Today, June 20th is World Refugees Day, but both Malawi Government and United Nations High Commission for Refugees (UNHCR) have said there are no special events to commemorate the day.
In an interview yesterday, Ministry of Homeland Security Department of Refugees senior administration and operations manager Hilda Kausiwa said the department has taken this year’s World Refugees Day commemoration at a low scale, but could not disclose why that is the case.
Mozambican refugees at Kasipe camp in Mwanza in 2016
She said: “We are taking it this year on a low scale, looking at the way things are. So we planned that the minister will issue a statement. But we don’t have an open activity this year.”
UNHCR spokesperson Kenyi Emmanuel said the agency will also not hold any special activity in the country as part of commemorating the day due funding constraints.

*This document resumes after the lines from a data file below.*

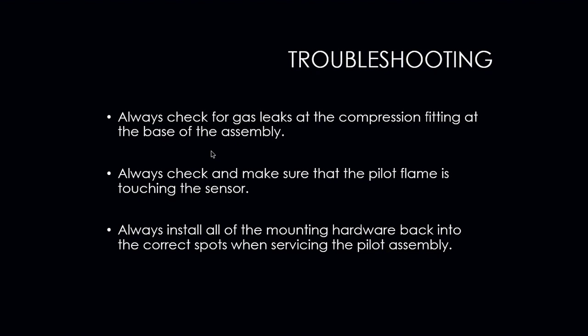Always install all of the mounting hardware back into the correct spots when servicing the pilot assembly. Once you take it out, you need to put it back the way it was. Otherwise you will run into nuisance issues such as intermittent ignition and other problems.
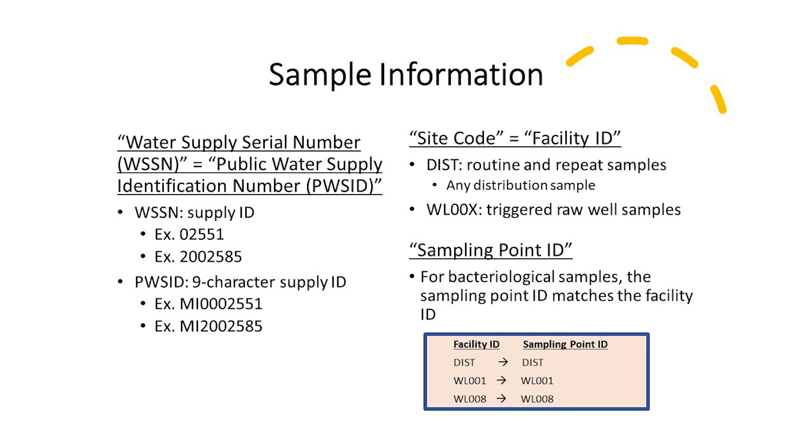Now that you've successfully collected your water sample, it's time to fill out your lab paperwork completely and accurately. You need your Public Water Supply ID, or PWS ID — sometimes referred to as the WSSN — and your Facility ID, formerly known as the Site Code. You will also need the sample point ID, sample location, sample date, sample time, collector name, and type of sample: whether it's routine, repeat, triggered, special purpose, or other purpose.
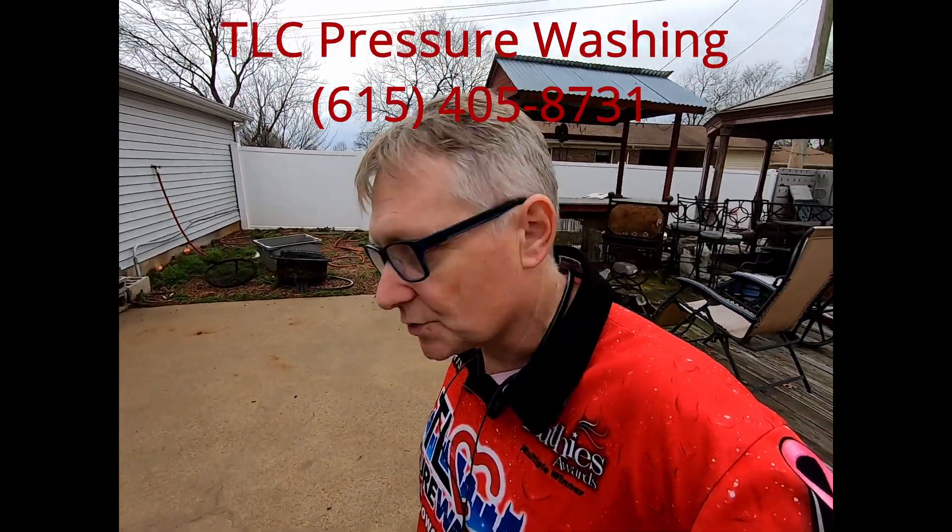This is the first video. I'll make another video of me deciding on the sealer and actually applying it, and then we'll visit it periodically to see how it holds up. Anyway, first video — Tim Moore, TLC Pressure Washing.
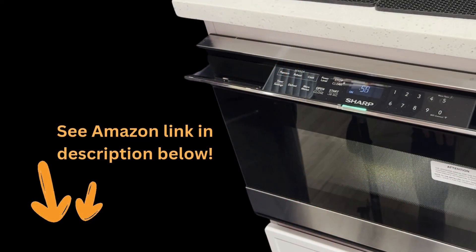The Sharp Microwave Drawer is more than just an appliance — it's a symbol of independence and convenience. If you or someone you know could benefit from this innovative design, be sure to check out the link to the Amazon product page in the video description. Thanks for watching.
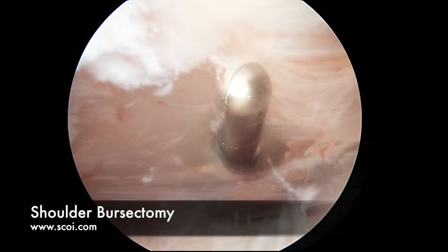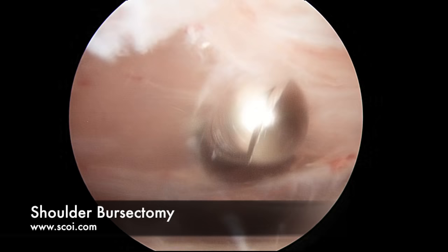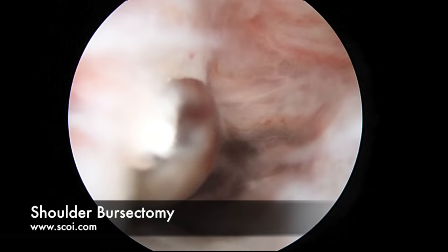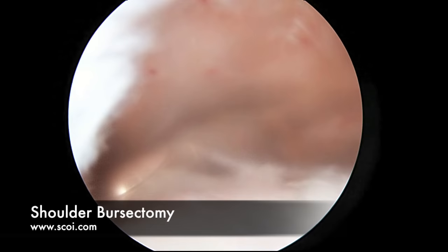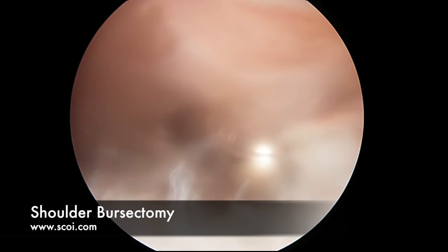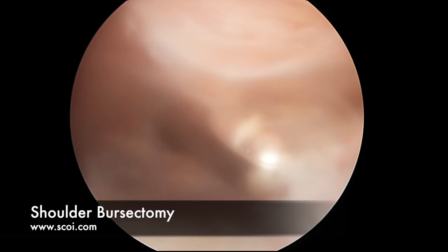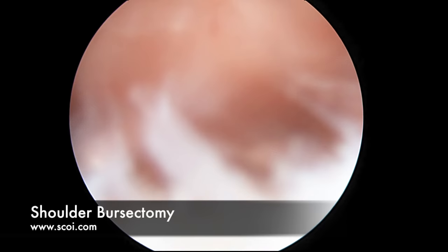This is what we call an arthroscopic shaver — it has an oscillating blade and some suction, similar to a Dremel type device. We can control by controlling the suction how much of the bursitis and tissue comes into the jaws to be removed. This is only about 5.5mm wide, although on these cameras it looks much wider. You'll see as we debride the bursitis it bleeds a little bit — it has some blood supply and some nerve supply. We can smooth it out like so. This is what we call a bursectomy.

He too refused to comment on the state of refugees in the country, saying UNHCR will issue a statement on the matter.
This year’s commemoration, whose theme is ‘Hope away from home’, comes at a time Malawi Government is relocating refugees from towns and cities to Dzaleka Refugee Camp in Dowa District.
The relocation has drawn mixed reactions with some civil society organisations faulting the Malawi Government’s stand.
On why Malawi seems to continue having an influx of refugees, especially from the Great Lakes Region, commissioner of refugees in Malawi, General Ignacio Maulana (retired) observed that the refugees problem is spread across the Southern African Development Community (Sadc) region.
In an interview yesterday, he said the number of refugees in Malawi is lower than in neighbouring countries and that some refugees found themselves in the country unintentionally.
“Malawi has a population of about 51 000 refugees which is lower compared to our neighbours such as Tanzania, Zambia and even in Zimbabwe. But considering the size of the country and economy, that is a very big figure,” said Maulana.
Minister of Homeland Security Ken Zikhale Ng’oma, the poster face of the relocation exercise, told The Nation yesterday that Malawi Government loses about K392 billion in potential revenue every five years because refugees operate businesses without business resident permits. He claimed that about 51 000 foreigners were doing businesses in the country without paying business resident permits on the pretext that they are refugees.
He said: “Our economy has been eroded a lot since 1994. In the villages, we have over 51 000 illegal immigrants that are coming in on the economic basis and they are doing businesses.”
In most countries, refugees do not operate businesses or stay outside designated refugee camps.
The UNHCR Global trends released last week show that about 108.4 million people were forcibly displaced worldwide at the end of 2022 due to persecution, conflict, violence, human rights violations or events seriously disturbing public order.
Low and middle income countries hosted 76 percent of the world’s refugees and other people in need of international protection.
The report further indicates that about 27.2 million asylum seekers came from Sub-Saharan Africa, while 25.3million were accommodated in the same region.
Last month, law enforcement agencies launched a sweeping exercise after asylum seekers and refugees defied an earlier government deadline of April 15 2023 to return to their designated campsites at Dzaleka.
World Refugee Day is an international day designated by the UN to honour refugees around the globe. It falls on June 20 and celebrates the strength and courage of people who have been forced to flee their home country to escape conflict or persecution.